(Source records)

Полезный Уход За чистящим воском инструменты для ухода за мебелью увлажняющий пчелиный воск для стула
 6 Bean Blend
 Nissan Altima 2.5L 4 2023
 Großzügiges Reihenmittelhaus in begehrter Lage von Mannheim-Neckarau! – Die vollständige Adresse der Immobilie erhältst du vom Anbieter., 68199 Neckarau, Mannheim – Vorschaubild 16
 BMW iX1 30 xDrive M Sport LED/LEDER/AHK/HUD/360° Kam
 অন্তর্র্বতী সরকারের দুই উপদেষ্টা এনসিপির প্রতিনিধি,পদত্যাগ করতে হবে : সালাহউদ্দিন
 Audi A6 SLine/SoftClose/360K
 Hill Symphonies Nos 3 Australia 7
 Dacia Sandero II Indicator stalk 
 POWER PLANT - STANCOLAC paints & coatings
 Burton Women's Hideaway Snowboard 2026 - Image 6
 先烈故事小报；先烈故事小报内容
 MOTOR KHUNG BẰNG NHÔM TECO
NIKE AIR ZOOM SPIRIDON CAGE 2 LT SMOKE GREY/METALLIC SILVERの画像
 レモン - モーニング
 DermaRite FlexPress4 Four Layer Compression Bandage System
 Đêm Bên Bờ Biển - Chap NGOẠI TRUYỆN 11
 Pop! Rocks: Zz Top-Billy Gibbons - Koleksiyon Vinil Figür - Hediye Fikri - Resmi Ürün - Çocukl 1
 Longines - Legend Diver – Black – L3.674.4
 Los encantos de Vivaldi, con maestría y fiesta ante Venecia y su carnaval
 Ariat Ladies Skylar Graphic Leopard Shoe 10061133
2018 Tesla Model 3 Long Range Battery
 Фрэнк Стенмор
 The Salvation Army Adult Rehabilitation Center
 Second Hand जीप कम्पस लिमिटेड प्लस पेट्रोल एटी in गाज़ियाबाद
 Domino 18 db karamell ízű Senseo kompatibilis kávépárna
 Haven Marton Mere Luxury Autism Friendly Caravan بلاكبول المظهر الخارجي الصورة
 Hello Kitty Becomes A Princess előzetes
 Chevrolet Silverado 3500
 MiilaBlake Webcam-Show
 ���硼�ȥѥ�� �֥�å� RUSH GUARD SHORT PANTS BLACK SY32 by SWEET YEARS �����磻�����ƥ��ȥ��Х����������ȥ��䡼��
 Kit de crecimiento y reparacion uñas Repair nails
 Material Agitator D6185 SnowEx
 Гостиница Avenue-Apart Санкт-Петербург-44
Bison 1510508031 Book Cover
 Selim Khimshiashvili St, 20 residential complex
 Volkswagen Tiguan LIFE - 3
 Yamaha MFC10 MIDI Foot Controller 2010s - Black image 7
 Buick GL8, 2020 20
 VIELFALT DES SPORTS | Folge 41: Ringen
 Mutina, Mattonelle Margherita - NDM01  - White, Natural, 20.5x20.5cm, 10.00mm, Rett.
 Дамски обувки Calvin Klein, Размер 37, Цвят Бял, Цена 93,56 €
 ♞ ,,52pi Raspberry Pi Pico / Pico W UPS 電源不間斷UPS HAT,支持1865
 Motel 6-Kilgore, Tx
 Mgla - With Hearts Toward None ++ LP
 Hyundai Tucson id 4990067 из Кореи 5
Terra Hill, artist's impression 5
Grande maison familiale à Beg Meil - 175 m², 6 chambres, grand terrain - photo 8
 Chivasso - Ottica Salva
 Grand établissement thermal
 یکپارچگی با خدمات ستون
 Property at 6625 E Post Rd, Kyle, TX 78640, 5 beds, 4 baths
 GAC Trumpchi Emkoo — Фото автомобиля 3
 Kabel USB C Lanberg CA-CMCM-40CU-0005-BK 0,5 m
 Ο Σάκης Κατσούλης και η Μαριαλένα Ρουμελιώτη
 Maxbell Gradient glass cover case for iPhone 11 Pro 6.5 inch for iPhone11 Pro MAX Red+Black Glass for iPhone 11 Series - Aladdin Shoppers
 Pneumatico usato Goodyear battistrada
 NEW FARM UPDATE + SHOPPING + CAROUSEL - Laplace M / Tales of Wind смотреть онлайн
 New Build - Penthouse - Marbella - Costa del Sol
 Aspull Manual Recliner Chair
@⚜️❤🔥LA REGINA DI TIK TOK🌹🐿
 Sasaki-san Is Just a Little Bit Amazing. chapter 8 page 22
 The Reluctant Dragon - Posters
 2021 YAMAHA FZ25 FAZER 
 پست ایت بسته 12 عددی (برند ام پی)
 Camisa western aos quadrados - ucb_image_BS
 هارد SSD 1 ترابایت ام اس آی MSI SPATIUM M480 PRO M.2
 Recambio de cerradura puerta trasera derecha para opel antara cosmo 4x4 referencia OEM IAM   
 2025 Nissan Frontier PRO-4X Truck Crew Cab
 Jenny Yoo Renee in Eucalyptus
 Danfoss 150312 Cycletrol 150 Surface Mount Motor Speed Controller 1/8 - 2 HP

## Problem to work on
Using the data above, return each line exactly as written.

## Task answer
Полезный Уход За чистящим воском инструменты для ухода за мебелью увлажняющий пчелиный воск для стула
 6 Bean Blend
 Nissan Altima 2.5L 4 2023
 Großzügiges Reihenmittelhaus in begehrter Lage von Mannheim-Neckarau! – Die vollständige Adresse der Immobilie erhältst du vom Anbieter., 68199 Neckarau, Mannheim – Vorschaubild 16
 BMW iX1 30 xDrive M Sport LED/LEDER/AHK/HUD/360° Kam
 অন্তর্র্বতী সরকারের দুই উপদেষ্টা এনসিপির প্রতিনিধি,পদত্যাগ করতে হবে : সালাহউদ্দিন
 Audi A6 SLine/SoftClose/360K
 Hill Symphonies Nos 3 Australia 7
 Dacia Sandero II Indicator stalk 
 POWER PLANT - STANCOLAC paints & coatings
 Burton Women's Hideaway Snowboard 2026 - Image 6
 先烈故事小报；先烈故事小报内容
 MOTOR KHUNG BẰNG NHÔM TECO
NIKE AIR ZOOM SPIRIDON CAGE 2 LT SMOKE GREY/METALLIC SILVERの画像
 レモン - モーニング
 DermaRite FlexPress4 Four Layer Compression Bandage System
 Đêm Bên Bờ Biển - Chap NGOẠI TRUYỆN 11
 Pop! Rocks: Zz Top-Billy Gibbons - Koleksiyon Vinil Figür - Hediye Fikri - Resmi Ürün - Çocukl 1
 Longines - Legend Diver – Black – L3.674.4
 Los encantos de Vivaldi, con maestría y fiesta ante Venecia y su carnaval
 Ariat Ladies Skylar Graphic Leopard Shoe 10061133
2018 Tesla Model 3 Long Range Battery
 Фрэнк Стенмор
 The Salvation Army Adult Rehabilitation Center
 Second Hand जीप कम्पस लिमिटेड प्लस पेट्रोल एटी in गाज़ियाबाद
 Domino 18 db karamell ízű Senseo kompatibilis kávépárna
 Haven Marton Mere Luxury Autism Friendly Caravan بلاكبول المظهر الخارجي الصورة
 Hello Kitty Becomes A Princess előzetes
 Chevrolet Silverado 3500
 MiilaBlake Webcam-Show
 ���硼�ȥѥ�� �֥�å� RUSH GUARD SHORT PANTS BLACK SY32 by SWEET YEARS �����磻�����ƥ��ȥ��Х����������ȥ��䡼��
 Kit de crecimiento y reparacion uñas Repair nails
 Material Agitator D6185 SnowEx
 Гостиница Avenue-Apart Санкт-Петербург-44
Bison 1510508031 Book Cover
 Selim Khimshiashvili St, 20 residential complex
 Volkswagen Tiguan LIFE - 3
 Yamaha MFC10 MIDI Foot Controller 2010s - Black image 7
 Buick GL8, 2020 20
 VIELFALT DES SPORTS | Folge 41: Ringen
 Mutina, Mattonelle Margherita - NDM01  - White, Natural, 20.5x20.5cm, 10.00mm, Rett.
 Дамски обувки Calvin Klein, Размер 37, Цвят Бял, Цена 93,56 €
 ♞ ,,52pi Raspberry Pi Pico / Pico W UPS 電源不間斷UPS HAT,支持1865
 Motel 6-Kilgore, Tx
 Mgla - With Hearts Toward None ++ LP
 Hyundai Tucson id 4990067 из Кореи 5
Terra Hill, artist's impression 5
Grande maison familiale à Beg Meil - 175 m², 6 chambres, grand terrain - photo 8
 Chivasso - Ottica Salva
 Grand établissement thermal
 یکپارچگی با خدمات ستون
 Property at 6625 E Post Rd, Kyle, TX 78640, 5 beds, 4 baths
 GAC Trumpchi Emkoo — Фото автомобиля 3
 Kabel USB C Lanberg CA-CMCM-40CU-0005-BK 0,5 m
 Ο Σάκης Κατσούλης και η Μαριαλένα Ρουμελιώτη
 Maxbell Gradient glass cover case for iPhone 11 Pro 6.5 inch for iPhone11 Pro MAX Red+Black Glass for iPhone 11 Series - Aladdin Shoppers
 Pneumatico usato Goodyear battistrada
 NEW FARM UPDATE + SHOPPING + CAROUSEL - Laplace M / Tales of Wind смотреть онлайн
 New Build - Penthouse - Marbella - Costa del Sol
 Aspull Manual Recliner Chair
@⚜️❤🔥LA REGINA DI TIK TOK🌹🐿
 Sasaki-san Is Just a Little Bit Amazing. chapter 8 page 22
 The Reluctant Dragon - Posters
 2021 YAMAHA FZ25 FAZER 
 پست ایت بسته 12 عددی (برند ام پی)
 Camisa western aos quadrados - ucb_image_BS
 هارد SSD 1 ترابایت ام اس آی MSI SPATIUM M480 PRO M.2
 Recambio de cerradura puerta trasera derecha para opel antara cosmo 4x4 referencia OEM IAM   
 2025 Nissan Frontier PRO-4X Truck Crew Cab
 Jenny Yoo Renee in Eucalyptus
 Danfoss 150312 Cycletrol 150 Surface Mount Motor Speed Controller 1/8 - 2 HP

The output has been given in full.